Anda juga kerap kali touring jarak jauh dengan motor mengingat Anda juga suka travelling. Bagaimana cara Anda menikmati travelling dengan bermotor seiring memberikan edukasi bagi penonton di YouTube?
Yang saya lakukan adalah ketika saya membuat video travelling, saya berusaha untuk memasukan konten yang ada motornya. Kalaupun tidak sempat, misalkan seperti video saya di New Zealand, yaudah mau gimana lagi. Tapi alasan melakukan hal itu karena saya mau mem-push diri saya. Seperti yang saya katakan tadi kalau saya itu suka buat video, saya suka motret dari dulu. Saya juga pernah berpikiran karena saya dikenal sebagai motovlogger, jadi saya harus membuat konten yang ada motornya. Makanya saya berusaha memasukan konten motor, sedikit lah. Tapi kalau misalkan tidak bisa ya mau gimana lagi.
Tentunya juga saya membuat konten sebagai tempat membuka wawasan, karena sebenarnya saya membuat konten itu salah satunya untuk sharing something. Maka dari itu, kenapa kalau saya membuat konten di Melbourne, saya juga mungkin beberapa kali membandingkan dengan yang ada di Indonesia. Supaya setidaknya orang yang belum berkesempatan ke Melbourne atau ke luar negeri bisa tahu. Saya punya kesempatan dan saya udah ada kesempatan untuk itu, tapi orang lain belum tentu punya dan menurut saya sangat penting untuk orang tahu di sana itu ada apa. Biar kita tidak terkurung di dalam lingkungan kita saja.
Kini, Anda berpartisipasi dalam tur motor custom ke Indonesia tengah dan timur berakhir di kota Jayapura. Bagaimana Anda melihat peran tur motor seperti terhadap perkembangan motor custom di Indonesia?
Budaya motor itu menumbuhkan banyak sekali industri.
Basically setiap orang ingin modif motornya, setiap orang ingin motornya terlihat beda. Saya pun ingin motor saya terlihat beda. Kemudian setiap orang punya caranya sendiri, ada yang custom, ada yang beli parts modifikasi aja dan itu sah-sah saja.

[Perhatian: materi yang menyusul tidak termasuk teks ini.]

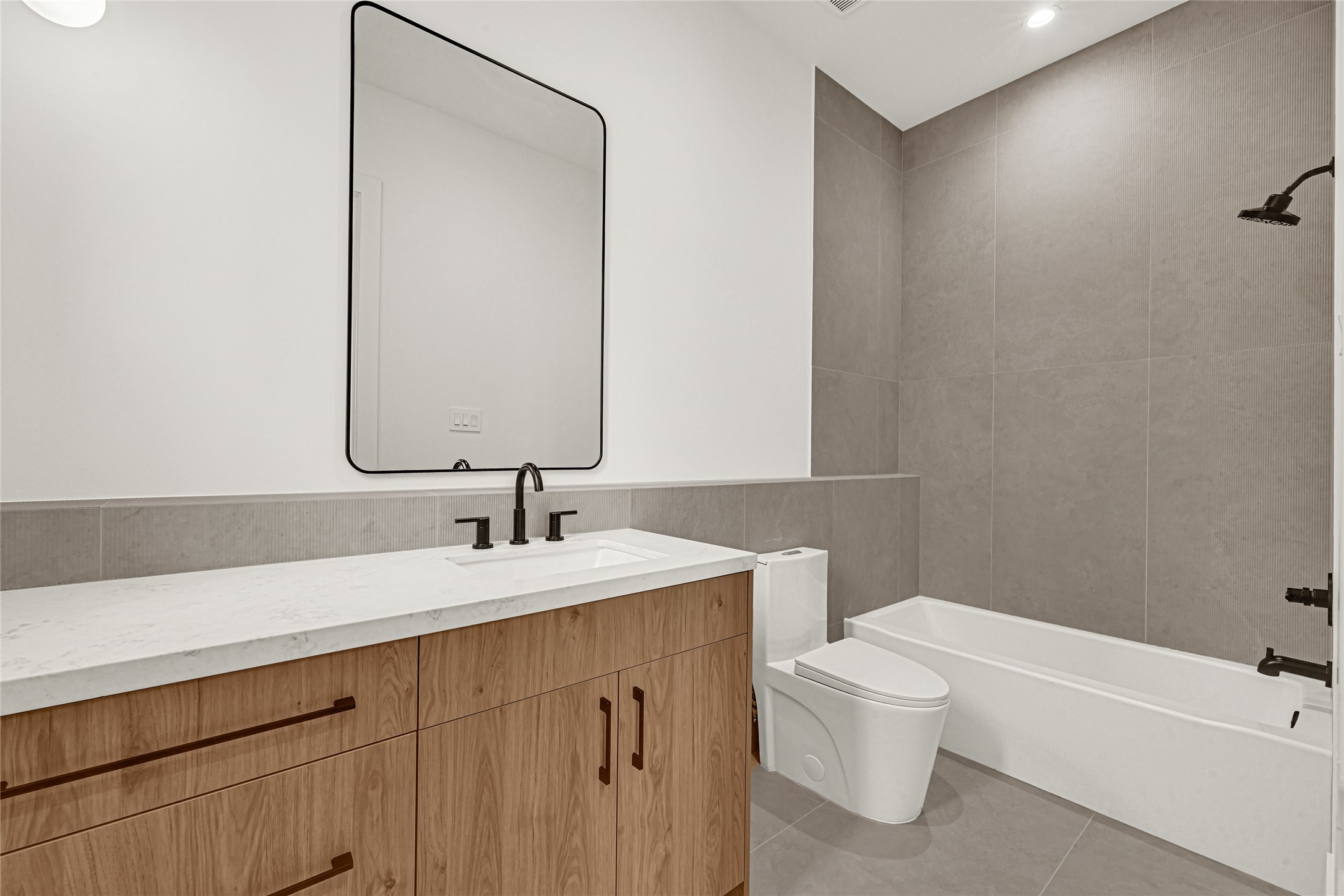 6405 Rodrigo Street, Unit A Houston, TX 77007 - Photo 19 of 28 a bathroom with a sink a toilet and a mirror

Nah kalau menurut saya acara-acara seperti itu memberikan wadah. Sama saja seperti kamu suka motret, kamu suka menulis dengan adanya blog itu kan wadah kamu karena kamu butuh eksistensi. Nah kontes-kontes seperti ini, itu memberikan wadah eksistensi. Jadi itu penting menurut saya, bisa juga buat referensi. Karena dari bengkel-bengkel ini, ada bengkel dari Purwokerto, daerah Jawa yang bukan kota besar. Dia itu bisa menyulap semi Harley yang tadinya 2 silinder jadi 3 silinder. Di Jakarta saja saya belum menemukan hal seperti itu, hal-hal seperti ini bisa jadi inspirasi secara langsung atau pun tidak langsung.

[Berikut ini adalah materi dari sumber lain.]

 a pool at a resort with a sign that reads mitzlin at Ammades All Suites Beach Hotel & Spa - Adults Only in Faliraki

Apa visi Anda ke depan untuk komunitas motor lokal?
Yang jelas terus berkembang, menumbuhkan ekonomi yang positif. Karena budaya motor itu menumbuhkan banyak sekali industri. Mungkin di kita terlihat hanya beli part saja, kita beli dari satu toko gitu, misalkan tokonya Raka/The Jakarta Roads (Iron Horse Garage). Mungkin kita hanya kasih duit saja ke toko itu, tapi itu menumbuhkan banyak sekali industri di belakangnya. Secara ilmu ekonomi, untuk satu barang itu dibuat mereka harus punya supplier. Jadi industri motor itu menghidupi banyak industri. Makanya saya berharap ke depannya harus terus berkembang.